HOSTEL: PART II
 

recensione hostel: part II

 
Tre allegre studentesse yankee (la mora affilata, la bionda boccoluta e la bruttina non ancora stagionata) viaggiano e studiano in Europa in cerca di stimoli e avventure. Da Roma (Totti!) a uno sperduto (romanticissimo!) villaggio in Slovacchia sino a capitombolare nelle celle “torture-for-fun” dell’organizzazione segreta dei malvagi stile Fight Club (ma con un cerca-persone davvero molto discreto). Imperdibilmente sciocco, esattamente come uscirsene a dire che i giapponesi fotografano qualunque cosa, lo spernacchiamento alle italiche abitudini da parte del compagnone di Tarantino, Eli Roth, il nostro nuovo disamichevole regista horror di quartiere. Dell’ora e mezza a disposizione, circa quaranta minuti confluiscono nel prologo, a menar la falce nell’aia prima di calarla sulla disgraziata di turno, citando la Contessa  
 
Bathory. Che novità.

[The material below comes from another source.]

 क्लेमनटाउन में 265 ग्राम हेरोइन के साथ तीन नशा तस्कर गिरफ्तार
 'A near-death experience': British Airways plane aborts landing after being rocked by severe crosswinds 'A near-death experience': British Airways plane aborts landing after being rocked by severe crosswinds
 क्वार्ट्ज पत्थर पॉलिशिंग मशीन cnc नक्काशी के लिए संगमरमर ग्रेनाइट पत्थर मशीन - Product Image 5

Hostel II, inizia esattamente dove lo lasciammo circa un anno fa: Paxton (Jay Hernandez) rimasto vivo dopo il massacro, fugge dal luogo degli orrori in cerca di ricovero. Indovinate cosa accade appena mette la testa fuori dall’uscio. Sul fronte dei cattivoni che vincono l’asta, recuperiamo gli americani disperati - entrambi gli attori giungono dalla serie “Desperate Housewives” - Roger Bart (il farma-  
cista psicotico) e Richard Burgi (l’ex marito di Susan) che compongono la strana coppia del moderato e l’esaltato. E indovinate un po’ chi è il più crudele? Di nuovo la violenza esplicita è ritrasformata in un’allegoria grottesca che scrolla la paura, lasciando il posto al ghigno dello scettico. Cialtronata che sa di esserlo e ci gioca. Si ride per la noia e si assiste alla parata di celebrità nostrane. Ruggero Deodato (Cannibal Holocaust) che pasteggia a controfiletto umano, Edvige Fenech nel tubino dell’insegnante di disegno (da notare l’emulo del David di Donatello alle spalle della signora) e Luc Merenda, irriconoscibile, in divisa da poliziotto. Fasullo horror da cartolina.